Published on December 05, 2008

A letter to the editor claimed that Amherst College does not donate its fair share to Amherst. The argument goes: Dartmouth College, endowment of $3.5 billion, recently contributed $9.5 million to Hanover, therefore, AC, endowment of $1.33 billion, should proportionately contribute $3.5 million. AC is here, it has the money, and Amherst has significant financial challenges. The clincher is: AC has a huge impact on the town and so should pay its fair share.

Naturally, agreement is universal.

In childhood, "fair" was simple. If five people ate a small cake, a fair share for each was one-fifth of the cake. Proportionality and equity sufficed. Then things got more complicated. In choosing teams, we let the second captain get two choices after the first captain chose the best player. The consensus was that simply alternating choices prevented fair skill distribution. Such considerations invited disagreement about what was fair. Was second and third choice equivalent to first and fourth? Then we grew up to discover the delights of taxation and its fairness issues. Flat vs. progressive taxes, state taxes or not, taxing churches or exempting. Because alternative criteria could be defended, "fair" devolved into "the way I prefer, and here's why." The seemingly quantitative became the political.

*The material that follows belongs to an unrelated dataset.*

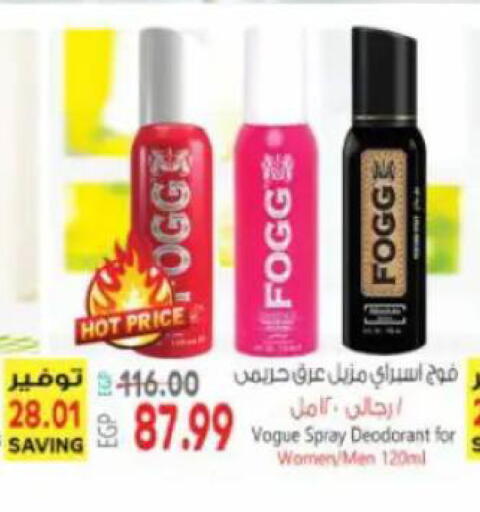 available at New.Penny.market in Egypt - Cairo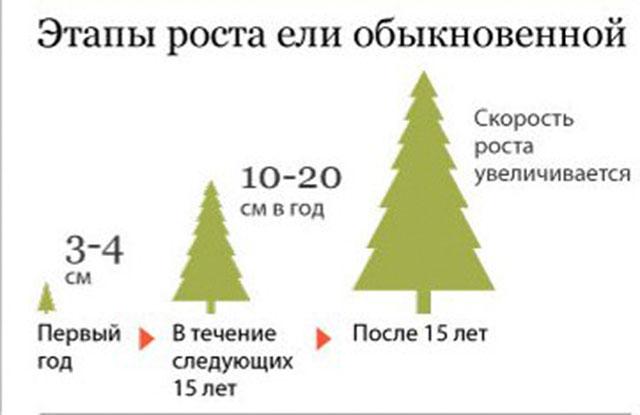 Как быстро и сколько сантиметров растет деревце за год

Is comparing AC's contribution to Dartmouth's fair? Is the Dartmouth contribution typical of private colleges in small towns or is it an outlier, an unusual, atypical contribution? Likewise for the Williams College contribution. Were there special circumstances in the relations between these colleges and their towns? Without such facts we can't tell where fairness lies.

Reciprocity is an aspect of fairness. So let's consider the "huge impact" that AC has on Amherst. Probably "impact" does not refer to the availability to Amherst of lectures, concerts, sporting events, AC library, Dickinson Homestead, Mead Museum, the observatory, or the reputation of the town as the home of a world class private college. Probably not the taxes paid by the college employees or the AC students' support for many town businesses. This "huge impact" requires detailing to justify AC owing the town $3.5 million. I wonder if after the tallying is done the town might not in fact owe AC some dollars instead of the other way around. If so, would there be letters to the editor urging that the town pay up?

Naturally, universal snickering.

Lacking facts and valuations, we can't compute where reciprocity lies. Let's look elsewhere. Perhaps it is actually not fairness based on impact that prompts the payment demands. What then? Deep pockets? As if the town has a rich uncle. Your rich uncle doesn't really owe you anything. But he has so much and you are struggling. Wouldn't it only be fair for him to donate? An attempt to restore balance where great imbalance lies. Yes, that seems fair. And it is family. Isn't AC a member of the Amherst family? But should we presume to redirect AC endowment donations from their intended purpose, furthering AC, to the unintended purpose of supporting Amherst? What arguments can be made that supporting Amherst actually does further AC. Perhaps a well-functioning town enriches the lives of AC students. Perhaps increases their safety. Perhaps these are the arguments we should be making rather than unresolvable competing claims of fairness.

Maybe it isn't deep pockets but envy. Do we see unfairness in our having to pay property taxes while AC is exempt? But consider, it is not unheard of for towns to make concessions to attract business. If we had no Amherst College here, I wonder what sort of concessions the town would be willing to make to attract such a "business." Would we be willing to exempt it from paying property taxes? Fortunately the commonwealth has taken the question of taxing educational institutions out of our hands. Once in a while the state gets it right.

"Fairness" is too wobbly. Let's find more stable, consensual incentives.

Richard Bogartz is a professor of psychology at the University of Massachusetts.